Ildecir A.Lessa
Advogado
“Houve muitas crises na história da humanidade, muitos períodos de interregno, nos quais as pessoas não sabiam o que fazer, mas elas sempre acharam um caminho. A minha única preocupação é o tempo que levarão para achar o caminho agora. Quantas pessoas se tornarão vítimas até que a solução seja encontrada?” – Zygmunt Bauman.
O pensamento do sociólogo e professor Bauman aponta para um tempo, em que os conceitos eram sólidos. Ideias, ideologias, relações, blocos de pensamento, tudo como uma espécie de um trabalho, que era de moldar a realidade e a interação entre as pessoas. O século 20, com suas conquistas tecnológicas, embates políticos e guerras viu o apogeu e o declínio desse mundo sólido. A pós-modernidade trouxe com ela a fluidez do líquido, ignorando divisões e barreiras, assumindo formas, ocupando espaços diluindo certezas, crenças e práticas. A oposição entre o mundo sólido e o mundo líquido foi a manifestação de base em seus escritos, do pensamento de Zygmunt Bauman, sociólogo, um dos mais respeitados intelectuais da atualidade, falecido em 2017.

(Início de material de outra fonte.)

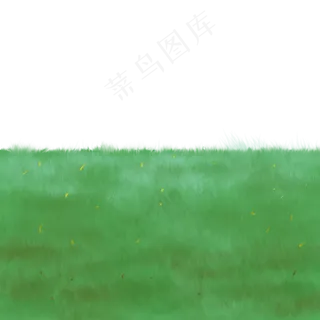 手绘设计卡通草地,免抠元素
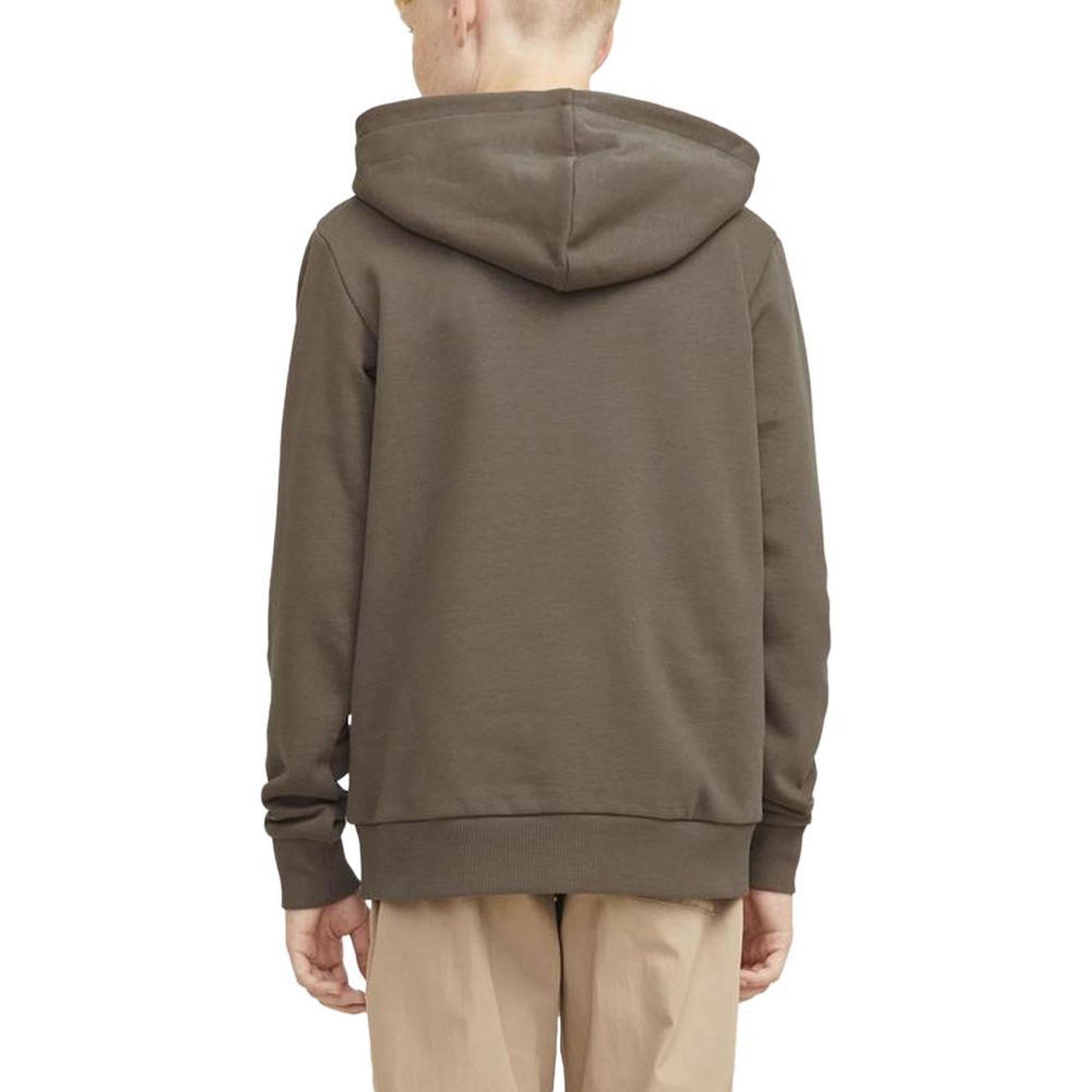 Voir la diapositive 2 : Jack & Jones Sweat Kaki Garçon Jack & Jones Caleb Varsity
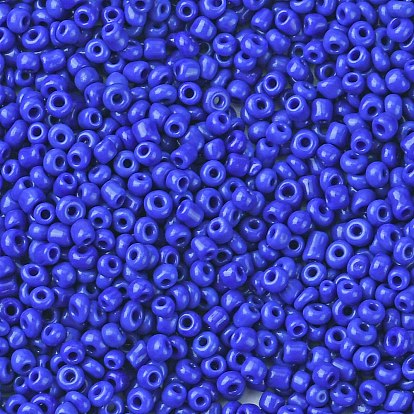 Glass Seed Beads, Opaque Colours Seed, Small Craft Beads for DIY Jewelry Making, Round, Round Hole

E dentro das ideias desse mundo sólido, observa-se os fatos e acontecimentos se diluindo cada vez mais. Dentro da política, no mundo sólido, dos Estados Unidos da América, depois de um julgamento de impeachment que durou quase duas semanas, o presidente americano, Donald Trump, foi inocentado pelos senadores e agora pode se concentrar em sua disputa pela reeleição, em novembro. A absolvição de Trump no Senado é um reflexo da popularidade de Trump entre republicanos. No mundo líquido da China, um vírus desconhecido pela ciência até há pouco vem causando uma doença pulmonar grave em centenas de pessoas e já foi detectado em mais 12 países — Cingapura, Coreia do Sul, Estados Unidos, França, Canadá, Austrália, Malásia, Japão, Nepal, Tailândia, Taiwan e Vietnã. Até agora, mais de quatrocentas pessoas morreram em decorrência do vírus na China, que surgiu em dezembro passado na cidade de Wuhan. A Organização Mundial da Saúde (OMS), já declarou situação de emergência.

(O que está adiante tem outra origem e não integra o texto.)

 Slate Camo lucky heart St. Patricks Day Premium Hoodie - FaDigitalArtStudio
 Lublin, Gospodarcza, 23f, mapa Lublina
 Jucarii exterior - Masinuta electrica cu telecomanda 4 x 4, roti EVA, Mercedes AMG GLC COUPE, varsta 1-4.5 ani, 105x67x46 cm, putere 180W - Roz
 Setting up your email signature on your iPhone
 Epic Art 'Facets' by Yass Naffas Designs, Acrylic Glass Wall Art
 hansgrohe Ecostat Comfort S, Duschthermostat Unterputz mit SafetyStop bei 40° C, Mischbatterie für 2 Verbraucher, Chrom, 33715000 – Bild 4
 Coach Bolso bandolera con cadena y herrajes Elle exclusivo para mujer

No mundo líquido da Rússia, o presidente russo, Vladimir Putin, acredita que o liberalismo “se tornou obsoleto” e afirmou que ideais liberais sobre refugiados, imigração e questões LGBTs são agora combatidas pela “maioria esmagadora da população”. Até mesmo algumas potências ocidentais admitiram em âmbito privado que o multiculturalismo “não é mais sustentável“, disse o líder russo ao jornal britânico Financial Times.
No mundo líquido de Israel, uma semana depois da apresentação do plano de paz do presidente norte-americano Donald Trump, a tensão aumentou na Terra Santa. Dois jovens manifestantes e um policial palestino foram mortos a tiros na Cisjordânia pelo Exército de Israel, entre esta quarta e quinta-feira. Além disso, em dois ataques registrados em Jerusalém nesta quinta, um militar israelense foi ferido por disparos de um palestino (que ele em seguida matou) e 12 soldados sofreram ferimentos, um dele com gravidade, ao serem deliberadamente atropelados por um veículo.
No mundo líquido do Brasil, artistas, intelectuais e políticos do Brasil e de diversos países lançam nesta sexta-feira um manifesto contra o cerceamento de instituições culturais, científicas e educacionais, além da imprensa, pelo Governo Jair Bolsonaro. Como disse o sociólogo Bauman: este século é muito diferente do século 20.
Não se tem uma visão do mundo líquido atual, de longo prazo, sendo certo que, todas as ações consistem somente em reagir às crises mais recentes, mas as crises também estão mudando. Elas também são líquidas, vêm e vão, uma é substituída por outra, as manchetes de hoje amanhã já não são mais e as próximas manchetes apagam as antigas da memória, tudo isso vindo a gerar um estado de desordem, não restando aos mortais desse mundo, uma saída, senão, a procura de sobrevivência mais e mais, em um mundo líquido cada vez mais dominado pela desordem!